* **Provided information**
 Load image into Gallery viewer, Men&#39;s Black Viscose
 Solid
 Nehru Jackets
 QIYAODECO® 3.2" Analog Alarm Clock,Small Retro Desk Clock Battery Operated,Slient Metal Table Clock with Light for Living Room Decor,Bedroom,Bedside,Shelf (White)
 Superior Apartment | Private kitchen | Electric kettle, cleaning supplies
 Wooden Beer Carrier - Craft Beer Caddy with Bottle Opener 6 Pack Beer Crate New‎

* * *

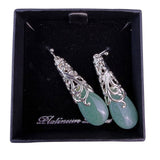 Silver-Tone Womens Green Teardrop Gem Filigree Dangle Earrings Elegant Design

* **What to do**
Determine how many of the lines above hold the word "with", and output that number by itself.

* **Finished exercise**
2